"I Am the Night—Color Me Black" is episode 146 of the American television anthology series The Twilight Zone. It originally aired on March 27, 1964 on CBS.

Opening narration

Plot
Sheriff Koch cannot sleep the night before the execution of a man, as he feels conflicted about the situation.  His wife Ella (Eve McVeagh) is no comfort as she snarls, "What time do they string him up; you know what I mean...what time does he get hung?"  Her attitude represents the hateful sentiment of the town that looks forward to the fate of Jagger, a man who is to be hanged after being wrongfully convicted of killing a bigot; he claims self defense, and is unrepentant about the killing.  On the day of his execution, the sun does not rise in the morning, and it seems that this is the only place in the world where this is true.

There is still some dispute as to whether Jagger is guilty.  The sheriff is conflicted, while the deputy is convinced Jagger is guilty; the latter is accused of perjury by the town news reporter. That morning the Deputy becomes loud and obnoxious, and the sheriff tells him: "You better unravel it Pierce, or I'll spread you all over this yard". At 9:00 AM, just before the hanging,  it is still dark; the radio now reporting the darkness confined to this one small village.  The sheriff admits he feels guilty because he didn't question the lack of autopsy of the victim, and didn't care that there were powder burns on the victim despite the deputy testifying that Jagger shot the victim from across a room.  The sheriff wanted to be reelected, and as such went along with the status quo.
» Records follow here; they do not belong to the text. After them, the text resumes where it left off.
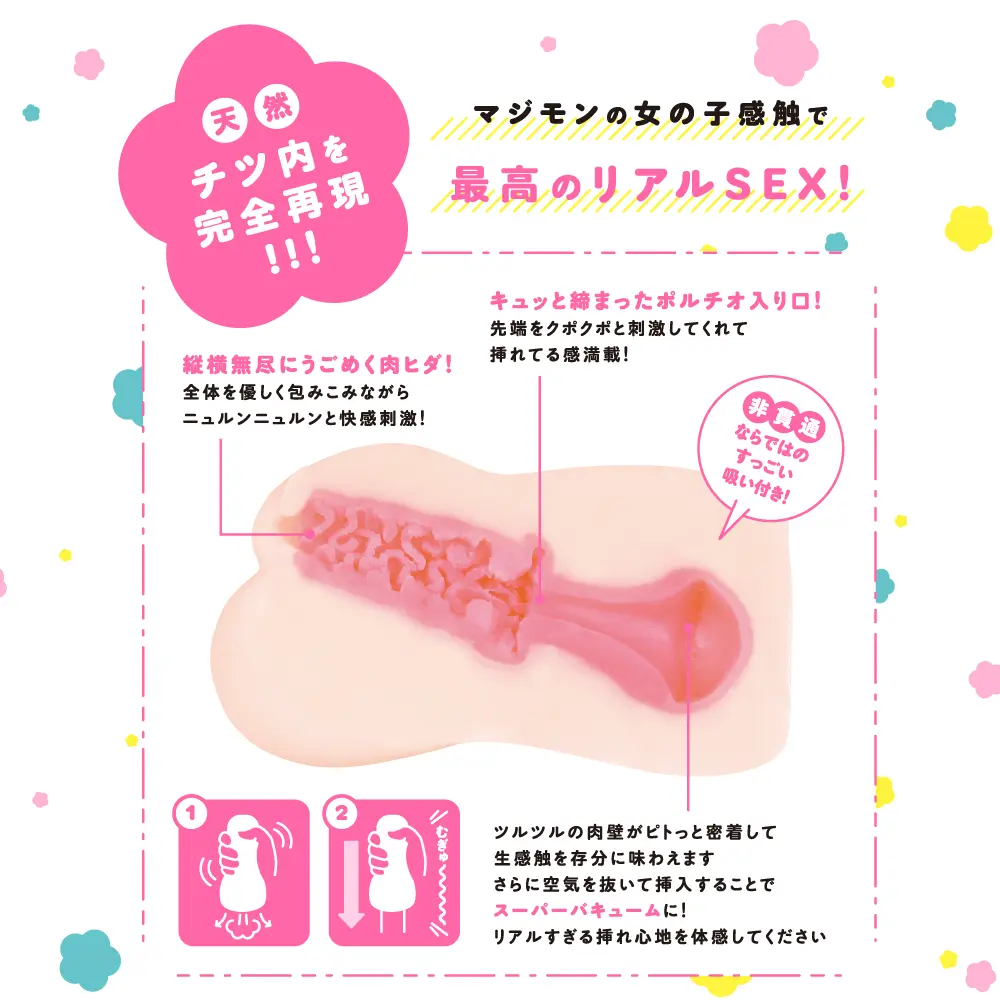 逼真少女陰部！ - Image 5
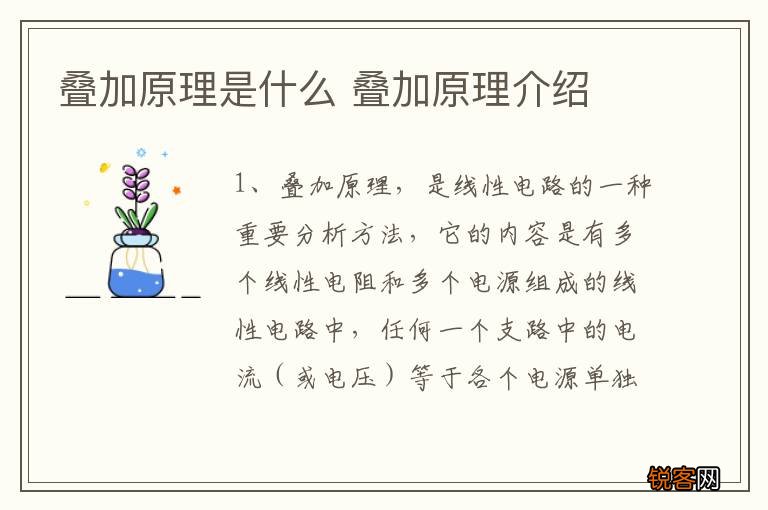 叠加原理是什么 叠加原理介绍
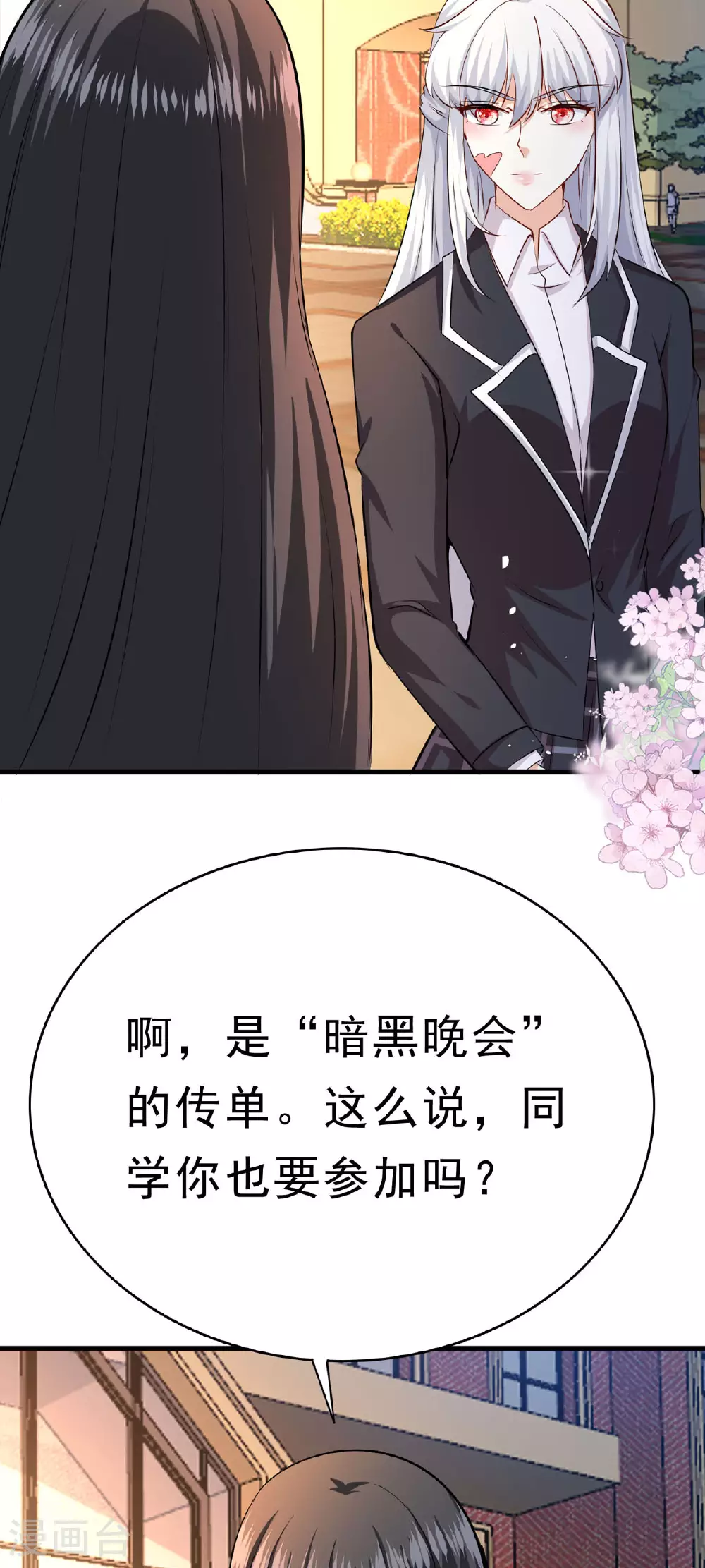 第63话 思林学姐 第10页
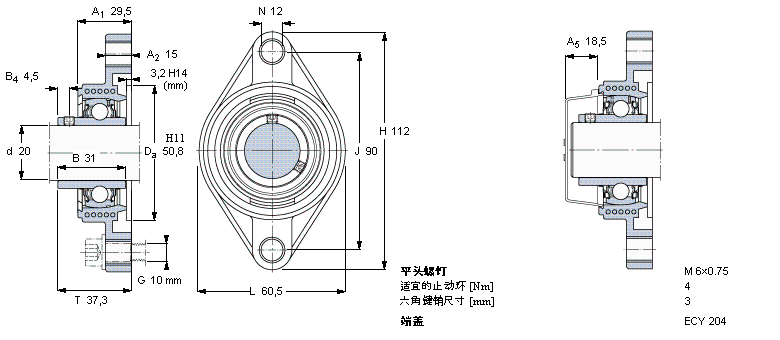 FYTBK20TF样本图片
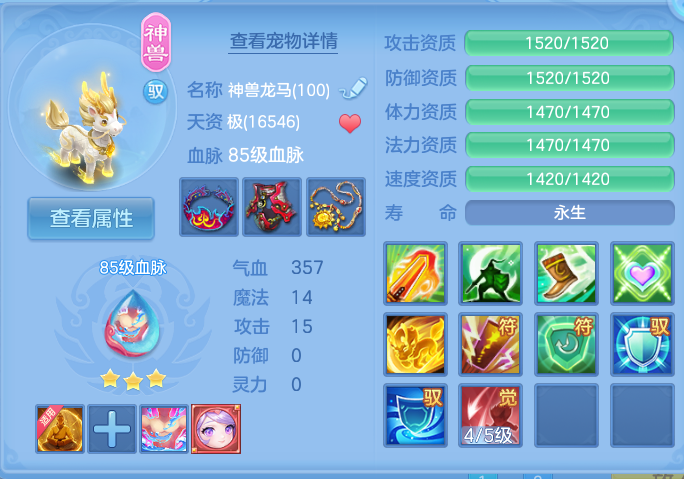 微信图片_20261003153537_42_10558.png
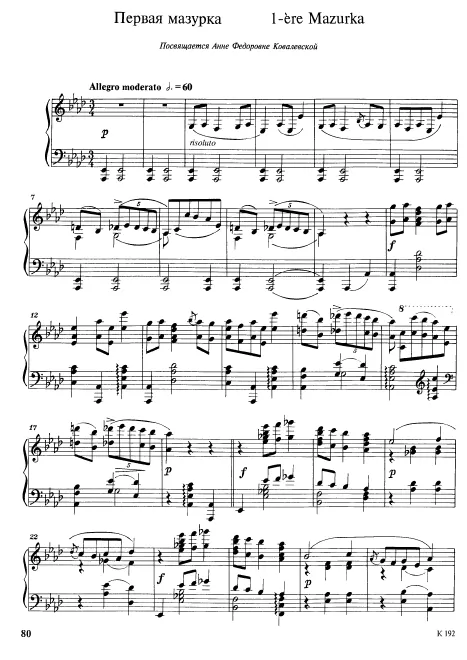 First page of Mazurka No.1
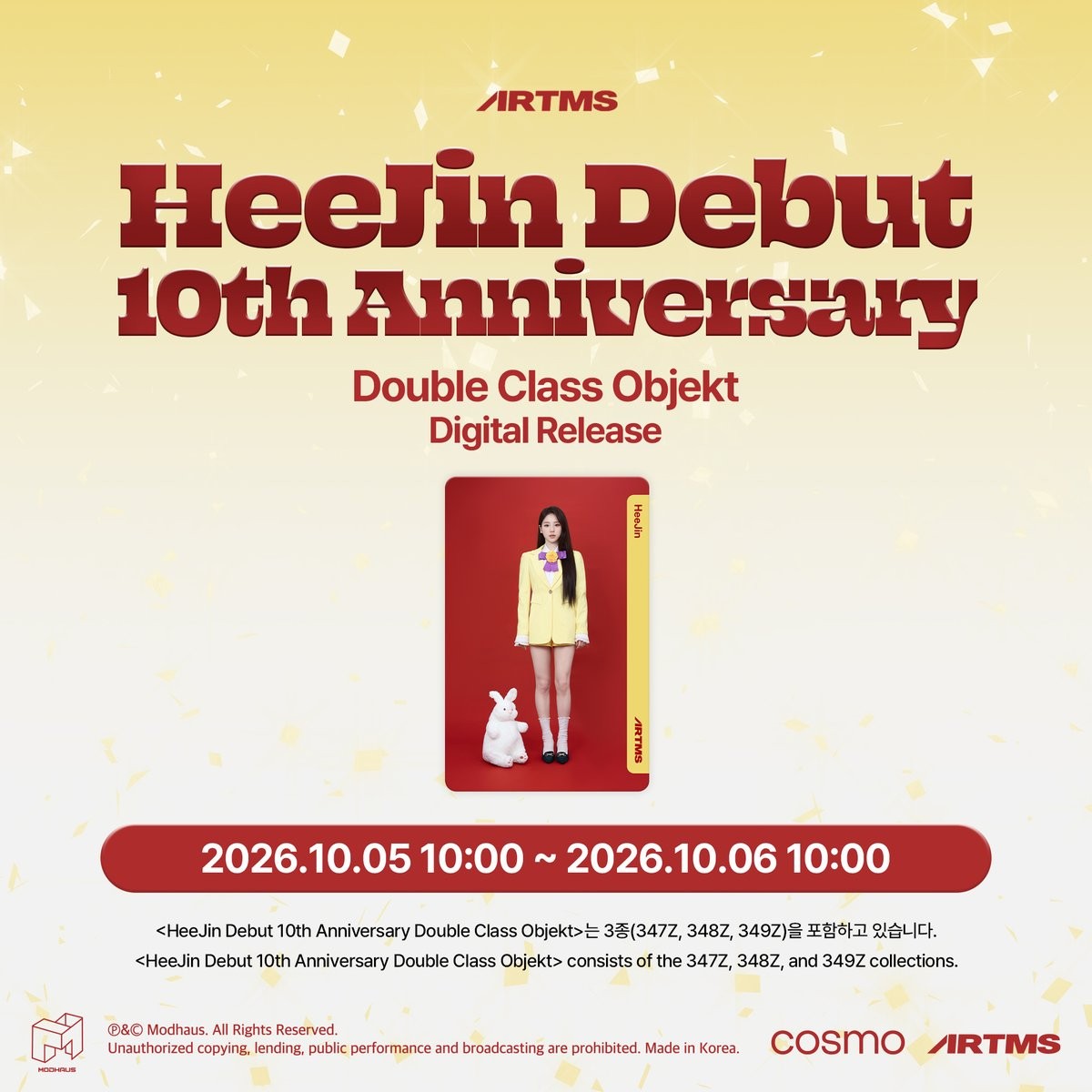 HeeJin Debut 10th Anniversary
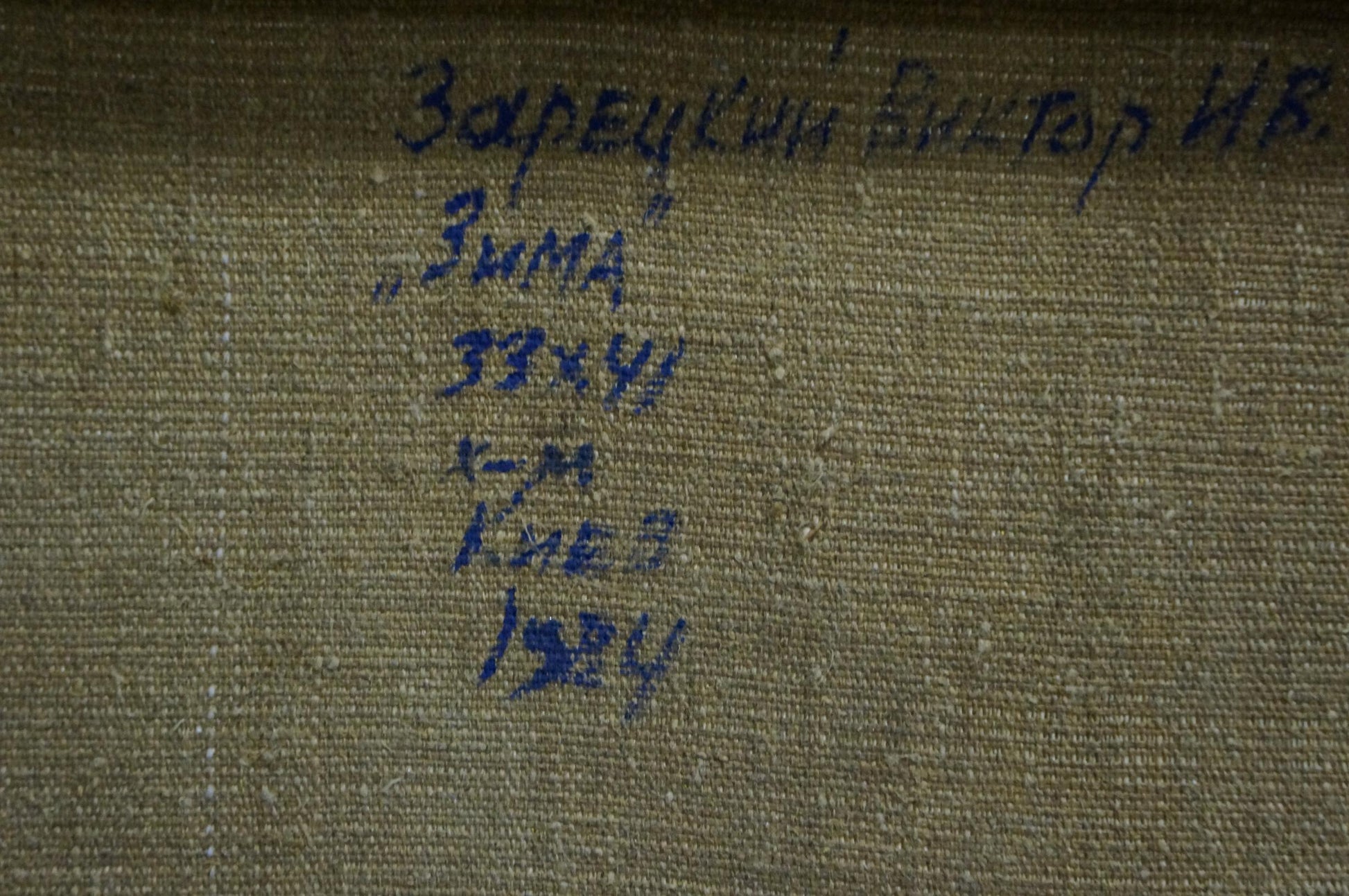 Blue handwritten inscription on textured olive-green canvas, End of Winter by Zaretsky Victor Ivanovich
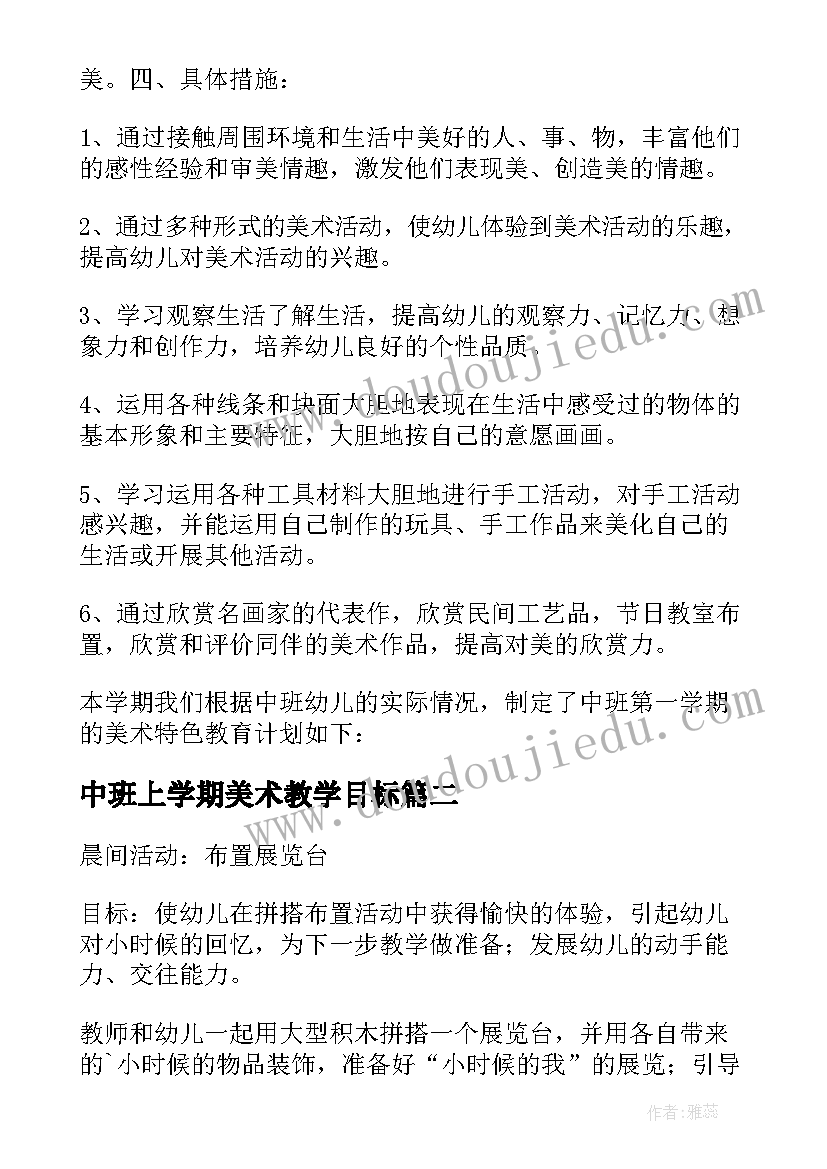 2023年中班上学期美术教学目标 中班美术教学计划方案(优质9篇)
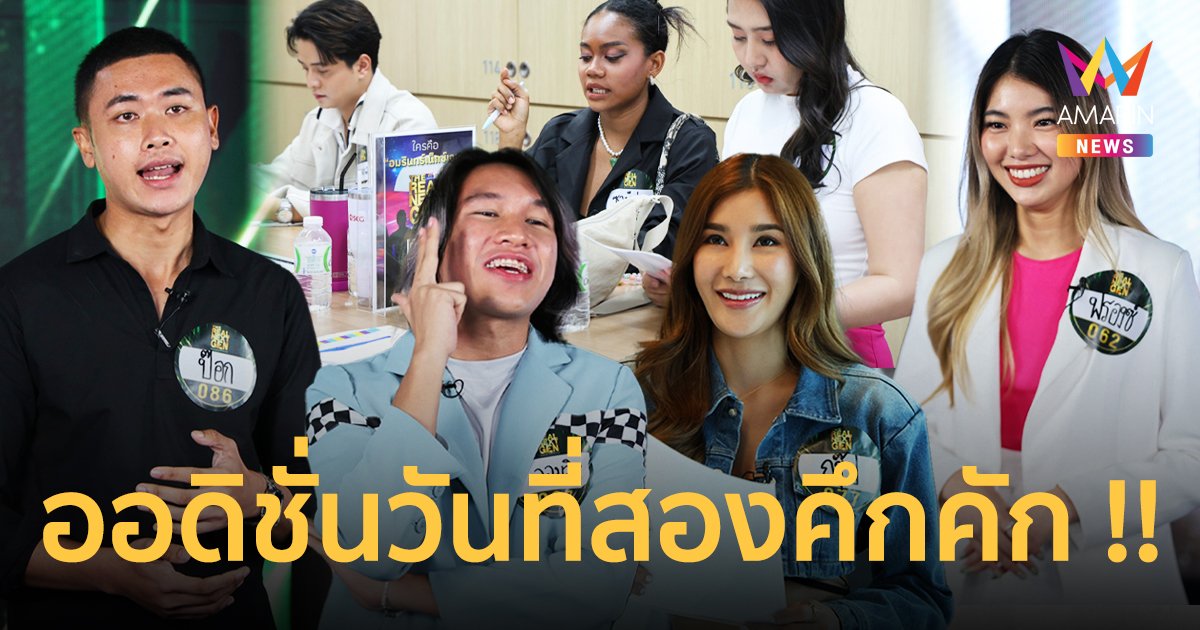 นายตำรวจ-สาวลาว-นักแต่งเพลง ร่วมออดิชั่นวันที่สอง The Real Next Gen คึกคัก !!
However, Jagger is hanged anyway at 9:30, much to the delight of the town.  The town clergyman, although a different faith and race than Jagger, steps in and says that he is thankful to him for having stood up for him and his kind.  The clergyman asks if Jagger had felt hate and enjoyment when he killed the man. Jagger confirmed he did. After this, the clergyman also reluctantly agrees to the execution, proclaiming that Jagger was in fact guilty.  Jagger is disheartened, saying “It’s important to get with the majority isn’t it? That’s a big thing nowadays isn’t it, Reverend?” The Reverend replies: "The majority is all there is". After the hanging, the deputy says that for having gone along with the execution, that the clergyman has "seen the light". The clergyman replies that the sky is black because of all the hatred in the world, namely the hatred surrounding Jagger's execution.  The sky becomes even darker after the execution.  The deputy is convinced that the darkness is nothing more than fog, which will eventually lift, but neither the sheriff or reporter are convinced.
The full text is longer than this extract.